Planning your week does not need to be complicated. In fact, planning your week can be liberating! I like to call the time I use to plan my week a “Brain Dump”. I sit down on Sunday afternoons and write down every thought, idea, have to, want to, need to item that is flying around in my brain. This is similar to brainstorming. A free flow of information out of my head and onto paper. No time constraints set, no due dates established, just capturing the thoughts and actions first. I like to use categories as I do this exercise as a way of helping me keep my life balance in perspective. You can make up your own categories, I have listed mine just to give you food for thought:
- Personal
- Family
- Friends
- Speaking
- Business
- Marketing
- Networking
- Service
Once I have written down everything I can think of for each of these categories, I then take a look at my scheduled appointments and commitments I have already made for the upcoming week. I would then write down any other timed commitments that need to be made as a result of my brain dumping exercise. What’s left? Essentially a task or to-do list.

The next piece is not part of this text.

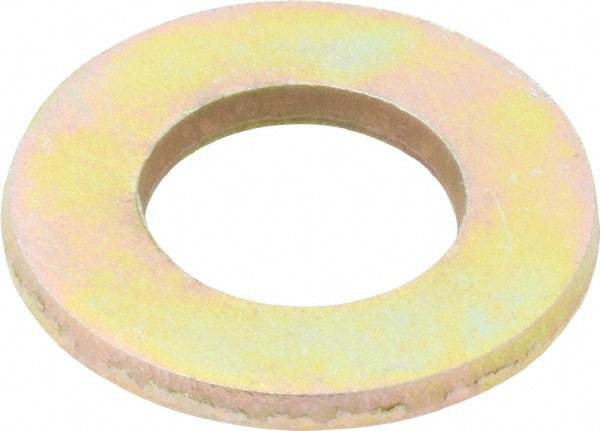 Value Collection - 1/2" Screw, Grade 8 Steel SAE Flat Washer - 17/32" ID x 1-1/16" OD, 3/32" Thick, Zinc Yellow Dichromate Finish - Eagle Tool & Supply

Again, looking at my calendar, I begin to assign a day to the remaining tasks. The date assignment depends on several things: proximity to a needed location (running an errand for example), availability of non-appointment times (in which to complete the task), and the level of urgency or importance. Taking these factors into consideration I begin to funnel the tasks into each day of the week. One day may be heavy with tasks because I have few scheduled appointments, another day may have less tasks because I am busy with appointments.
In the end, the important things to remember is to plan your week, every week at the same time each week. I plan on Sunday afternoons, but you may want to plan on Friday mornings. This exercise works with a Franklin planner, a Daytimer, Outlook, a PDA or an iPhone. How you choose to capture the data is up to you, the point is to capture it and plan it out weekly!